Paralelas que cruzam portais. Alguma preservação que pode
ser censura. A sinceridade que nunca é desmedida, muito pelo contrário. Os
turnos trocam. Os porteiros pensam sabe-deus-o-quê e eu vou levando os dias sem
parar para poetizar. Não, não é que seja a tal poesia. Tem hora que não é dela mesmo
que se carece. É algum tipo de balanço que é necessário às vezes, mas se permitem a repetitividade, ainda prefiro escolher o balanço de parquinho
com seu ir e vir ambíguo em alta velocidade no meio da chuva.
Mas tem que contabilizar para seguir em frente. Transformar
em palavras, dar significado, compreensão. Ajeitar para cada coisa seu
lugarzinho devido na estante: o de lembranças-bibelôs sonhando com bonecos de
gesso que conheçam o kama sutra.
Meço com fitas coloridas de senhor do Bonfim os cílios que
se abrem em olhos tão famintos cuja lembrança desperta pensamentos vestidos
sempre em vermelho sangue.
Contabilizo com tecidos de cortina a quantidade de pontos
que pode ter um sorvete de flocos, embora tema o conforto das conchas mesmo distantes
do barulho do mar.
Ensaio vinganças, ativismos, copio cenas de filmes que
ninguém nunca viu.
Defino minha vida pelo sexo.

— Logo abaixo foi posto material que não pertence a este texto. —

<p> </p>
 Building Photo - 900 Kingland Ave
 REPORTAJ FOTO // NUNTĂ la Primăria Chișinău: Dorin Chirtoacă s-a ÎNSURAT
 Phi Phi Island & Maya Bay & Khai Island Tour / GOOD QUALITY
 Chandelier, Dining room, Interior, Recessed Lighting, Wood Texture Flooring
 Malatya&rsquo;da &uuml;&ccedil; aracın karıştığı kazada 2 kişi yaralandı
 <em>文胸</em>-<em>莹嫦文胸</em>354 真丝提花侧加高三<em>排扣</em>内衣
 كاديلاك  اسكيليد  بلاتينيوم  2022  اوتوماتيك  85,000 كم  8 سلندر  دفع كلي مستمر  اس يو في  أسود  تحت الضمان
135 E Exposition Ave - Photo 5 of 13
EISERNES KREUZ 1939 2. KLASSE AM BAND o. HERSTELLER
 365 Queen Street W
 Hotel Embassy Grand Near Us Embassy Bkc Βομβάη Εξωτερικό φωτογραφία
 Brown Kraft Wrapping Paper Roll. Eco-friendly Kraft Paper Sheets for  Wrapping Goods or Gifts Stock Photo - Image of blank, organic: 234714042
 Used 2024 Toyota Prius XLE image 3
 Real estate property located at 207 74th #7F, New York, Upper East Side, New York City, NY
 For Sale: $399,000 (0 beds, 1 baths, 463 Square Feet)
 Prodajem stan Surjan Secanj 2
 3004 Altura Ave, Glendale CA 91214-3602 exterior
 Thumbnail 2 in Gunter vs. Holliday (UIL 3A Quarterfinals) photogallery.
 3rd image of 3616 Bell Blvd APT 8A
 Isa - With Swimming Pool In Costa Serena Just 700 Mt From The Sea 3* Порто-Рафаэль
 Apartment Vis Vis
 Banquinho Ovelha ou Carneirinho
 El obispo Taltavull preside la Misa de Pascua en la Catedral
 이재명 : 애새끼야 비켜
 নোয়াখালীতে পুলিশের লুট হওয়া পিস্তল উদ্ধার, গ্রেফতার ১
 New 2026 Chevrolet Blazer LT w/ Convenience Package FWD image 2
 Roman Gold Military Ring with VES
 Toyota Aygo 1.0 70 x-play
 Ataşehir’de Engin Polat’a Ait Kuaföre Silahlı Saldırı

Sexo que eu estudo. Sexo que eu
desencavo nas pessoas cujas vidas já não me pertencem e eu bem sei que nunca
pertenceram.
Conto meus dias pelas trepadas e ouso dizer estou na idade. Abro
meus olhos pro mundo e encontro vez ou outra meu reflexo em outros pares
diversos. Olhos que instigam. Olhos que investigam o prazer a fundo. Corpos não
são mesmo vídeo games, afinal. Trepo para transformar em conto. Só sexo é
escrita? Amor nunca? Paixão às vezes. Palavras encardidas e bobas, além de
temporariamente fora do vocabulário. Fujo de qualquer coisa que me queira perto
demais. Quero qualquer coisa que me queria longe. Procuro farpas, invento
desculpas, provoco uma briga e digo que não estou.
Estou no reflexo dos seus olhos e nos meus que embaçam e
fecham para sentir melhor as especificidades de cada pessoa. É muito mais que o
cheiro da curva-do-pescoço com o ombro. A textura da pele nunca é igual, assim
como o cheiro do sexo, o ritmo da língua.
A vulgaridade de sempre me cerca. Contudo, agora, creio-me
com poros mais atentos ao que a experiência reserva. Percorro seus meandros, me
deixo levar. Mais ainda exibo na janela os dentes e rosno para quem ousar passar
da página quinze.
Foi o melhor do dia. E li um bocado hoje.